Microsoft is today announcing a utility-like computing service for PCs, called FlexGo, aimed at providing poor people with a low-cost means of getting a computer. The service essentially applies the model of pay-as-you-go mobile phone service to the personal computer. A service provider, such as a retailer or a telephone company or even a bank, offers customers a PC for free or at a sharp discount and then charges a fee based on the customer’s actual usage, either through monthly billings or prepaid cards. The idea is to provide people who lack cash and credit a new way to get a PC, PC software, and internet service. As Slashdot notes, it’s a kind of time-sharing system applied to personal computing. It’s not a new idea – companies like SimDesk have been offering a similar model for some time – but it should get a significant boost with Microsoft’s power behind it.

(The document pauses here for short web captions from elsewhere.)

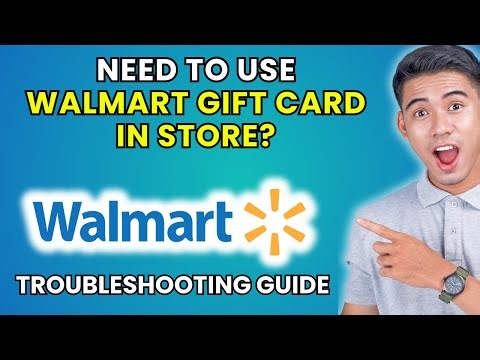 How to Use Walmart Gift Card In Store [2025 Method]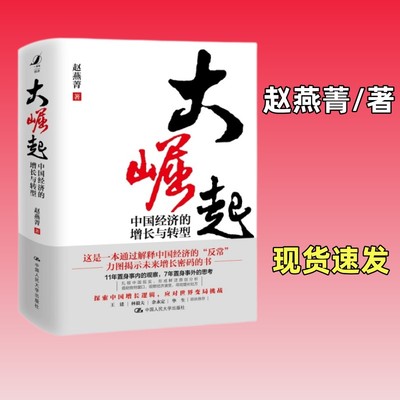 大崛起经济增长转型赵燕青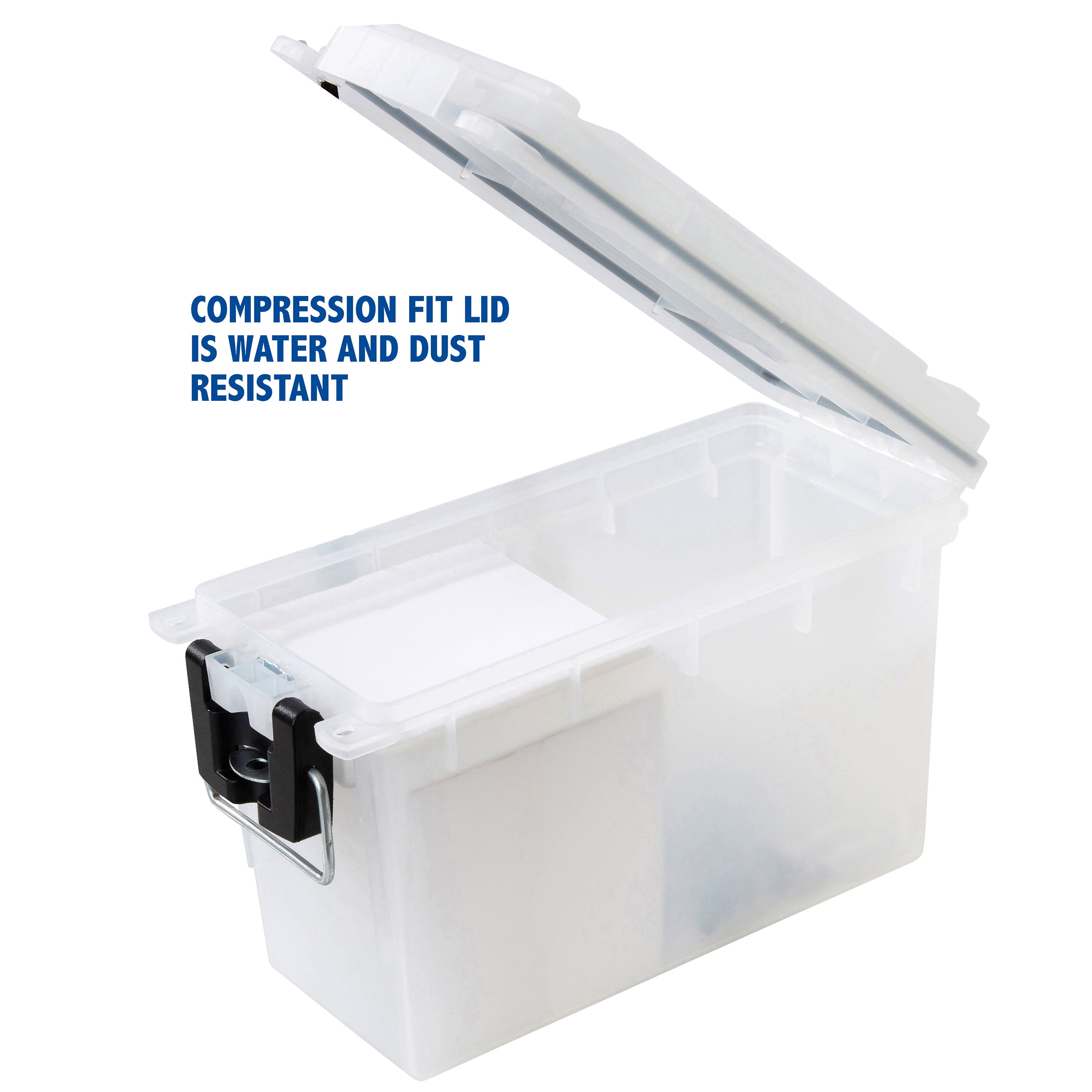 Sheffield 5.06-in White Plastic Lockable Tool Box in the Portable Tool Boxes  department at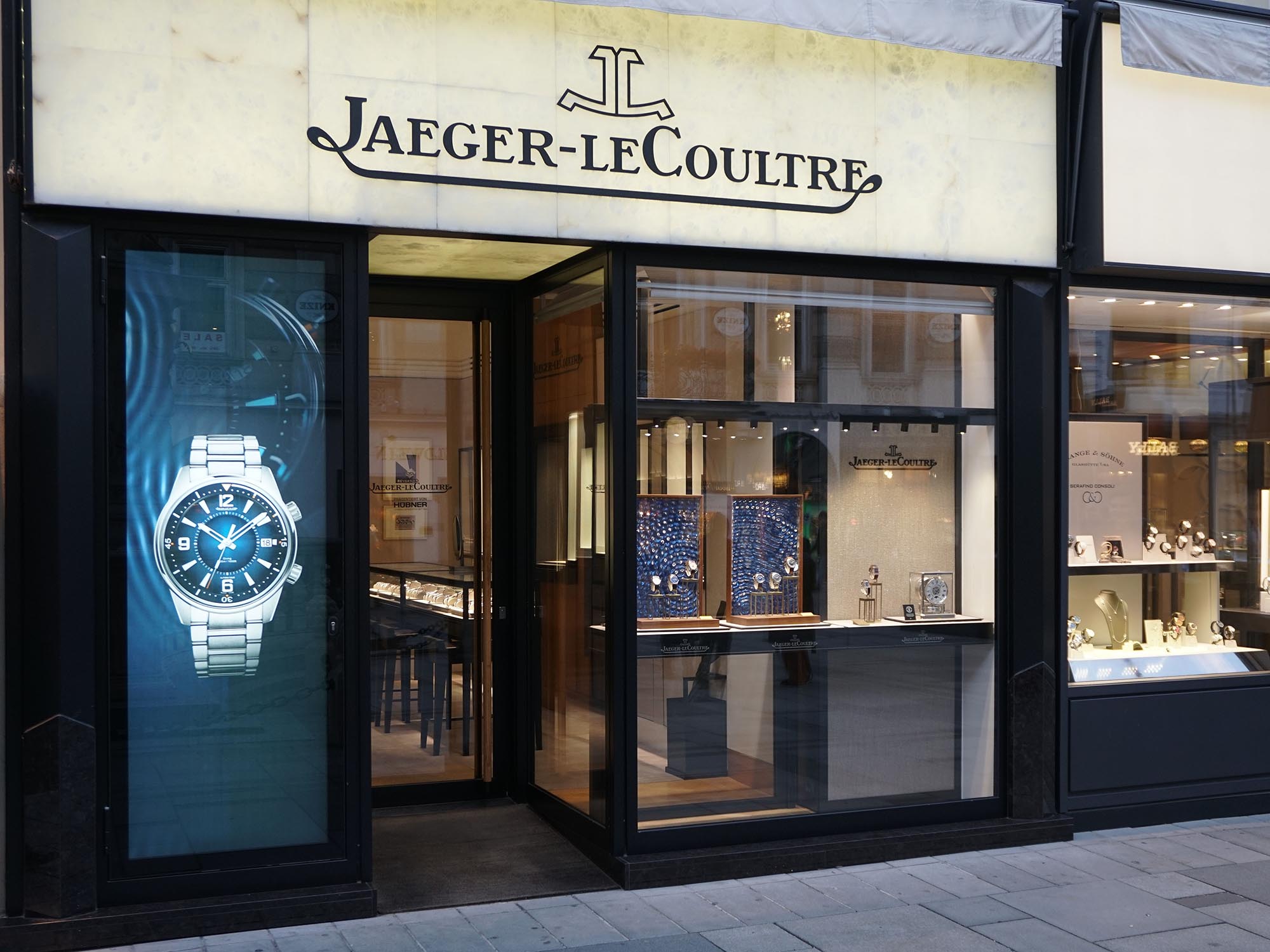 Jaeger-LeCoultre Boutique operated by Hübner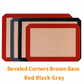 Non Stick Silicone Baking Mat Heat Resistant Fiberglass Oven Liner Sheet for Macarons and Pastry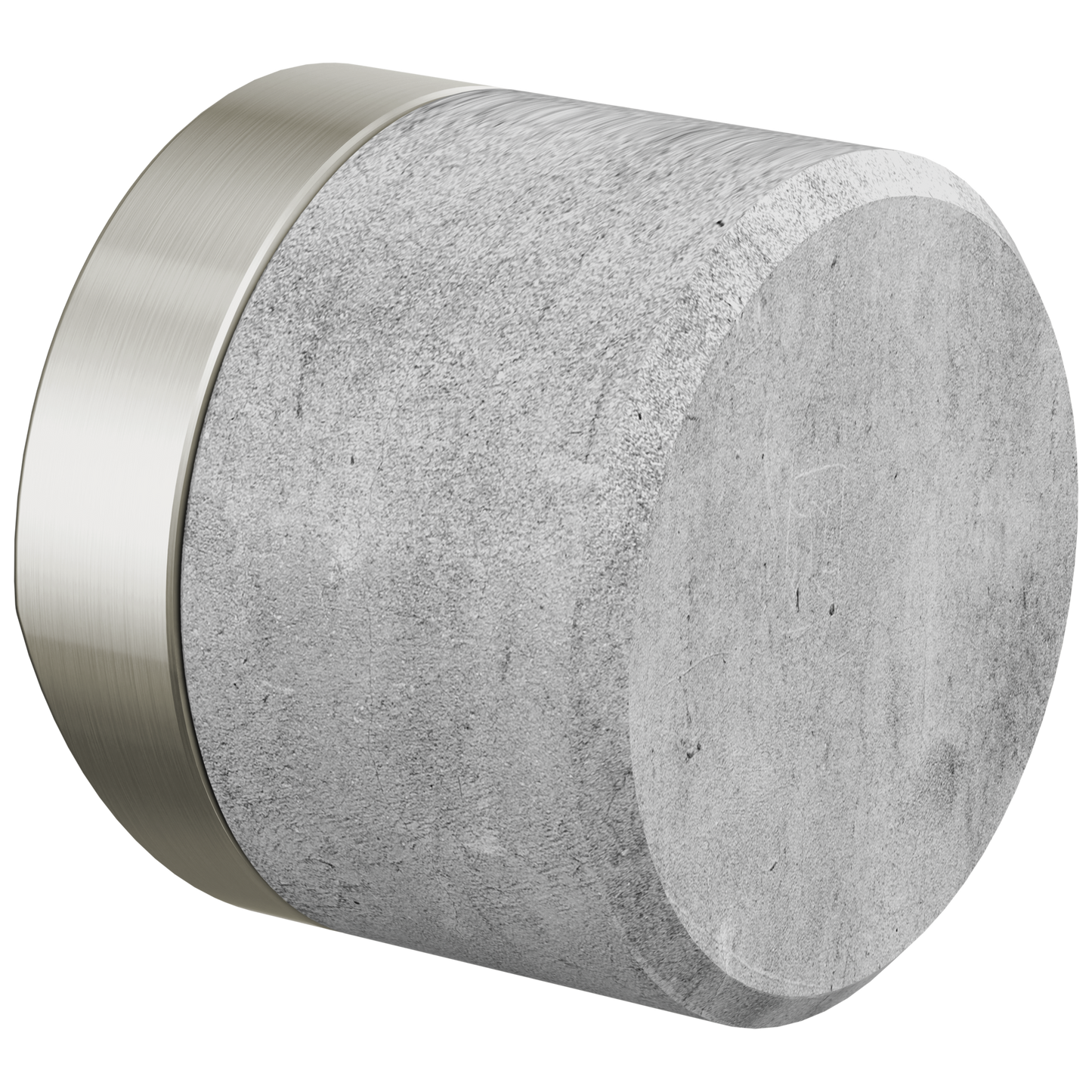 Brizo Odin HKK175 Kitchen Faucet Concrete Knob Handle Kit - Stainless Steel / Concrete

This is, of course, Microsoft’s counterstrike against efforts, such as the $100 PC developed by MIT and supported by Google, to supply cheap computing through specialized, low-cost PCs that run open source software. The advantage of the FlexGo program is that it gives people access to the broad range of Windows-compatible software that already exists. As Tim Bajarin says in a Mercury News piece, “even in poor villages, the kids know the difference between a machine that will get them Internet access and a true PC that they can play games on.” The contest between the two very different models should be an interesting one.

4 thoughts on “Microsoft’s PC utility

  1. photoncourier.blogspot.com

    “a kind of time-sharing system applied to personal computing”…doesn’t sound like it–from the info supplied, it appears this is all about pay-as-you-go billing, not about utility computing in the sense of centralized resources serving multiple users.

  2. Nick Carr

    Yes, you’re right. It has a utility pricing model (metered usage, tracked centrally) but not a utility provisioning model (centralized resources). An important distinction. Thanks.

  3. vinnie mirchandani

    Amazon recently rolled out a storage utility at 15c a a month for a gig

    like with SaaS incumbents will be the last to offer the service – in this case, where are the IBM’s HP’s?

  4. Sam Hiser

    As Tim Bajarin says in a Mercury News piece, “even in poor villages, the kids know the difference between a machine that will get them Internet access and a true PC that they can play games on.”

    Hogwash, from Bill Gates’ own disinformation office.

    This is more Microsoft throwing spaghetti at the wall.

    Anyone who has digested olpc’s objectives understands that it is an education project. These kids will be writing their own games. And then stealing jobs from Tim Bajarin’s fat, complacent children.